During the first round of health officer order closures in March, the Billings hospitals canceled elective surgeries to prevent the risk of disease spread. SCL Health, has now reduced the number of elective surgeries, Bush said.
“We are taking steps where we are reducing, not canceling, but reducing the volumes of elective (surgeries) that we are doing," Bush said.
Billings Clinic Foundation President Jim Duncan nodded in agreement that elective surgeries are also slowing down.
Felton was joined at the press conference by members of the medical/technical team, made up of local infectious disease doctors and leadership from Billings Clinic and SCL Health St. Vincent Healthcare. Felton said he worked with the team to draft the health officer order.
"We owe these physicians and nurses more than we can possibly express," Felton said. "Last Friday, we all agreed that we should try less restrictive measures first to give our local citizens the opportunity to take measures required to slow the spread before imposing more significant restrictions on our business community.”
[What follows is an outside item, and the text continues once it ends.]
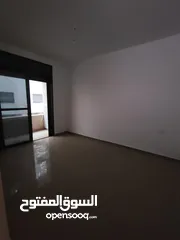  6 للايجار شقه ديلكس على شارع عين مصباح المؤدي الى الطيره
Felton said the restrictions of phase 2 of Montana Gov. Steve Bullock's plan to reopen the state are not having the desired effect in Yellowstone County. That's part of the reason for the new restrictions, he said.
People have seen wait times for contact tracing rise to between 24 - 48 hours, Felton said. That is another reason for the restrictions to try and slow the spread.
“This morning, RiverStone Health has a backlog of 300 positive cases that have not been assigned to contact tracers. Positive tests from the state lab are now taking 72 hours or longer to be reported because of the volume," Felton said.
Felton urged people who are infected with COVID-19 or are a close contact to quarantine or isolate at their homes immediately and not to wait on the call for the health department to take action.
The health officer order requests other things of the community to prevent COVID-19 spread. It asks employers to encourage working from home and asks residents to limit their number of close contacts to no more than six people per week.
Exceptions to the group gathering restrictions include cafeteria settings on college campuses or nursing homes, along with child care facilities.
The group gathering restriction will not prohibit people from voting in person in the Nov. 3 election.
Iverson urged people to keep up with the safety protocols of masking, hand washing, sanitation and physical distancing to slow the spread across the county and prevent more deaths.
“COVID-19 is very real and it is having a significant effect on our daily lives, the health of our people that we know and love and our health care systems. If our community takes personal responsibility, we will see a difference, but it’s going to take all of us. Our friends, our neighbors, our businesses and our officials must join together for the good of everybody," Iverson said.